Data block →
---
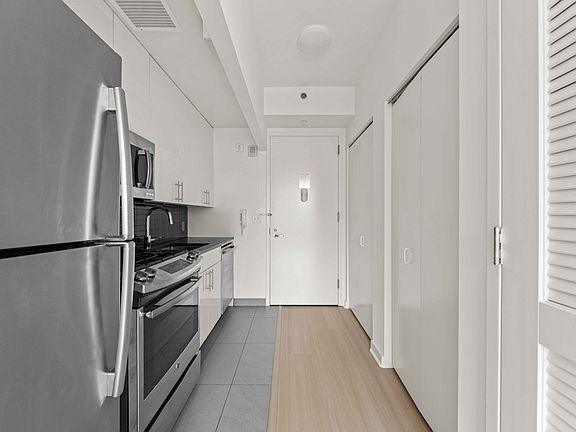5th image of 180 Myrtle Ave APT 4L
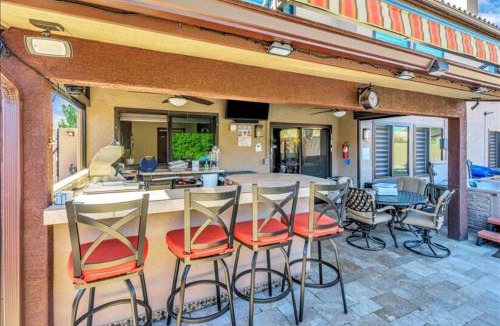 Adobe Hills Bed & Breakfast | Family Home Vacation Retreat Glendale AZ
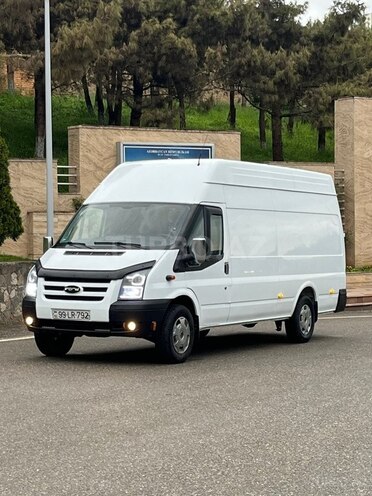 Ford Transit-1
---
Exercise brief → From the line containing "Adobe Hills Bed" to the end of the data above, give those lines again verbatim, with both endpoints included and no images.

Output →
 Adobe Hills Bed & Breakfast | Family Home Vacation Retreat Glendale AZ
 Ford Transit-1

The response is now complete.